» The records
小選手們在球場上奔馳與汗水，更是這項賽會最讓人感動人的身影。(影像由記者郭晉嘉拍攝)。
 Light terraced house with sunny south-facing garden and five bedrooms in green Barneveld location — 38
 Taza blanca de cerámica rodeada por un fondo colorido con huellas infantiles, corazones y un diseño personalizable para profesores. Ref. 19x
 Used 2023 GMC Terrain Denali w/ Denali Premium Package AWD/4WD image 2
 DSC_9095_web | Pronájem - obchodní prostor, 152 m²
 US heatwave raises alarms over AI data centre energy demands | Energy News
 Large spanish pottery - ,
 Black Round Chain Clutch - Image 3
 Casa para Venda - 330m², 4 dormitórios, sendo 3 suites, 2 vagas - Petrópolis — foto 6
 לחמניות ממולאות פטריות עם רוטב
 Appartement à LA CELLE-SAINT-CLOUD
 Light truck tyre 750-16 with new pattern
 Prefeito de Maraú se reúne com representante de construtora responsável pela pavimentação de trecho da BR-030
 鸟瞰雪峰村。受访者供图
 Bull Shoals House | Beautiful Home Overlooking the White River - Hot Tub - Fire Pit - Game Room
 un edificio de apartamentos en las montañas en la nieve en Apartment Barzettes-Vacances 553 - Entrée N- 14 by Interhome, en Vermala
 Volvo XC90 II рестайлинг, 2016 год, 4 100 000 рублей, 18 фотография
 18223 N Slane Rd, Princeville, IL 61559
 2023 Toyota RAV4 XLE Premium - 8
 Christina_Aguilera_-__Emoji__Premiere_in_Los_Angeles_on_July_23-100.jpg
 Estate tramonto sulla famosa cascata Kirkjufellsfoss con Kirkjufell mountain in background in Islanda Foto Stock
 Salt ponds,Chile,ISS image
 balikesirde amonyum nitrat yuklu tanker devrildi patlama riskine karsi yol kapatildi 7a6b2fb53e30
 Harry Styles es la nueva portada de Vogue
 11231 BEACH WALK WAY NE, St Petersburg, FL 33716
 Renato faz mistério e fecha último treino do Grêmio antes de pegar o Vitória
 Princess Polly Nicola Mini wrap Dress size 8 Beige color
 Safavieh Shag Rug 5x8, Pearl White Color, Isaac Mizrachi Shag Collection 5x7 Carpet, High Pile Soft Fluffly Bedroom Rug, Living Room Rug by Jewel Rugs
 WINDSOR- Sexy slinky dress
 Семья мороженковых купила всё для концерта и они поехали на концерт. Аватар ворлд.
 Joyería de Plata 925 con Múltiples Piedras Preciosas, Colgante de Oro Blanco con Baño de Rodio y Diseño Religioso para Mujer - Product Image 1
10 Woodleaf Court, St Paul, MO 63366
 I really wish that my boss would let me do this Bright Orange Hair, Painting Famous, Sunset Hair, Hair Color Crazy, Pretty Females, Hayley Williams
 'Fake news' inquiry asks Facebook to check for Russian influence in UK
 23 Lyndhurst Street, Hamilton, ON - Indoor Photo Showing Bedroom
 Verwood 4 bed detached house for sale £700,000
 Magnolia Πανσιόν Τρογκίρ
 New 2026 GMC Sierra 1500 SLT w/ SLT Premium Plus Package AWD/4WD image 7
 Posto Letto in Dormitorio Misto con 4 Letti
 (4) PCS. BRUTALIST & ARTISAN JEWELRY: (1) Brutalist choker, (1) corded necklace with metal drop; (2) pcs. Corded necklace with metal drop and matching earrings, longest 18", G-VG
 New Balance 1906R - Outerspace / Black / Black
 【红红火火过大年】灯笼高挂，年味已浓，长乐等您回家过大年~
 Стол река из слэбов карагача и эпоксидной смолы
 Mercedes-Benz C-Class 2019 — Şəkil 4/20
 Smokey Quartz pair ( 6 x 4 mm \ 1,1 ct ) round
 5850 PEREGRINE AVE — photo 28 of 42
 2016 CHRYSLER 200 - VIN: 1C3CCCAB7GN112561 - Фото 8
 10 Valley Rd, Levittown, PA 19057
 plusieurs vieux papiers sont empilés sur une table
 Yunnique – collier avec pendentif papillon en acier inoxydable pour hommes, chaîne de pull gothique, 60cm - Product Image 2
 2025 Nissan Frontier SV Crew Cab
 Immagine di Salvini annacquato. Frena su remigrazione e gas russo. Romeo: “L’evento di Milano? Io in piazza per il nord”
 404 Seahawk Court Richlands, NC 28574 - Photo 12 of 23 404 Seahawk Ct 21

» Exercise instructions
From the start of the data to the line that holds "Black Round Chain Clutch - Image 3", retype each line exactly, with both ends included.

» Exercise result
小選手們在球場上奔馳與汗水，更是這項賽會最讓人感動人的身影。(影像由記者郭晉嘉拍攝)。
 Light terraced house with sunny south-facing garden and five bedrooms in green Barneveld location — 38
 Taza blanca de cerámica rodeada por un fondo colorido con huellas infantiles, corazones y un diseño personalizable para profesores. Ref. 19x
 Used 2023 GMC Terrain Denali w/ Denali Premium Package AWD/4WD image 2
 DSC_9095_web | Pronájem - obchodní prostor, 152 m²
 US heatwave raises alarms over AI data centre energy demands | Energy News
 Large spanish pottery - ,
 Black Round Chain Clutch - Image 3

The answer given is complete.